Happy Turkey Week from the Nooner's Portland office, where I'm looking forward to Thanksgiving with my mom and extended family. On the drive up over the last couple of days, I listened to the first nine episodes of the Serial Podcast from This American Life. Absolutely amazing journalism. So, if you have a long road trip this week, I highly recommend it. You can subscribe to it in iTunes, or stream from the site. And, make sure to listen to it in order. 

Another great aural pleasure is this week's Slate's Amicus podcast, which looks at the issue of when somebody is too mentally ill to execute. Albeit from a left-leaning perspective, the podcast raises some fascinating issues related to the case of Scott Panetti, who is scheduled to be executed in Texas on December 3.

Panetti was the subject of a SCOTUS decision authored by Anthony Kennedy that held that an individual could not be executed if he were so mentally ill that he could not discern the purpose of the punishment. The Court then remanded the case to allow lower-level courts to examine the facts of Mr. Panetti's mental capacity, and those courts found that he had sufficient capacity, at least at the time of trial. Yes, a trial in which he represented himself wearing a cowboy outfit and purple neckerchief and attempted to call Jesus Christ to the witness stand. 

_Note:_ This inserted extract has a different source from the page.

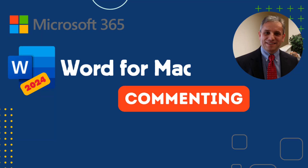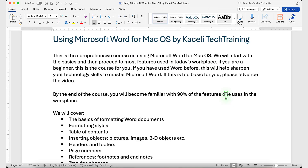In this segment of the Word tutorial for Mac, I'm going to demonstrate how to use comments in a document. Comments are typically used to provide feedback to someone else — they develop a document and send it to you, and then you want to provide them feedback.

Anyway, the facts are fascinating, and the podcast is worth a listen, regardless of where you stand on the death penalty or this particular case.  

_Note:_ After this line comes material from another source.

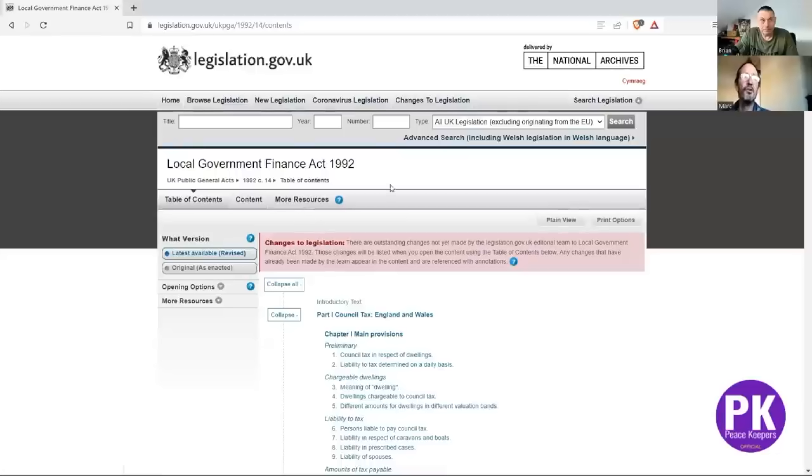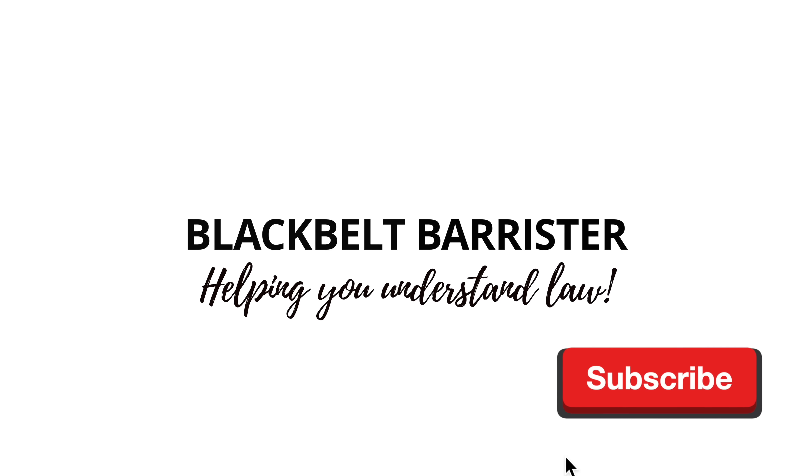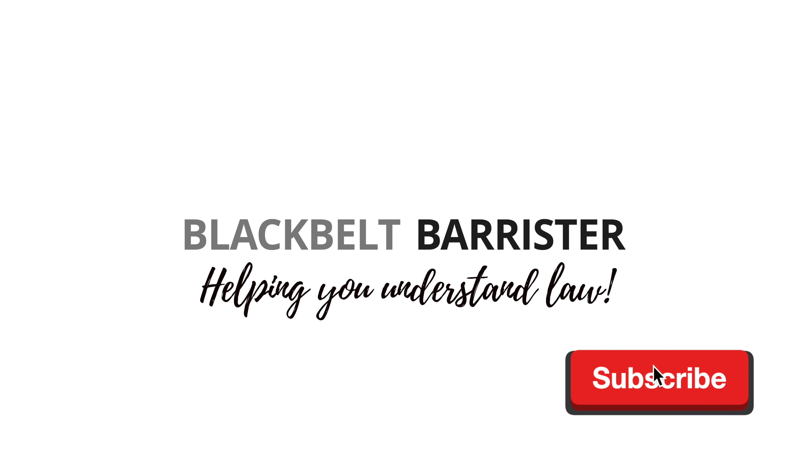So he's saying this says 'law' — I'm sorry, that word says 'act'. Every time I read it, it says ACT. So in this video I thought I would break down very simply why there is an obligation to pay council tax, why it is lawful, and why acts indeed are law. So let's get into it.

Here are the updates in the two outstanding races. The numbers next to the vote total are the changes from the last report.

AD39 (East San Fernando):

  • Patty Lopez (D) - 22,558 (+681)
  • Raul Bocanegra (D-inc.) - 22,139 (+487)

AD66 (Torrance):

  • David Hadley (R) - 54,090 (+913)
  • Al Muratsuchi (D-inc.) - 53,345 (+1,297) 

The results in the update shouldn't be unexpected. In AD66, we're seeing the typical partisan bias for Democrats in late absentees and provisionals. However, in AD39, the partisan bias is split between the two Democrats, thus no race tightening. While Friday was a good update for Muratsuchi, it's highly unlikely there are enough votes left to count to close the current 745-vote margin.

LA Weekly's Hillel Aron looks at the random ballot quirk that may have helped Patty Lopez earn a ticket to Sacramento:

Says [Paul] Mitchell, "For decades, it's been there’s Democrats and Republicans. You just go down the row. The tenth race, out of nowhere, there's two Democrats on the ballot. How many voters would have noticed that the tenth race is different than ninth?"

In summary, on the ballots in AD39, based on the statewide alphabetical ballot rotation by office in each county, the Democratic candidate landed in the first spot. Then, in the only Dem on Dem race in AD39, Patty Lopez landed in the top spot while fellow Democrat Raul Bocanegra was in the second. So, some "ticket" voters quickly filling out a ballot punched top spot nine times and then may have seen "Democratic" as Lopez's party preference in the first spot and marked it. 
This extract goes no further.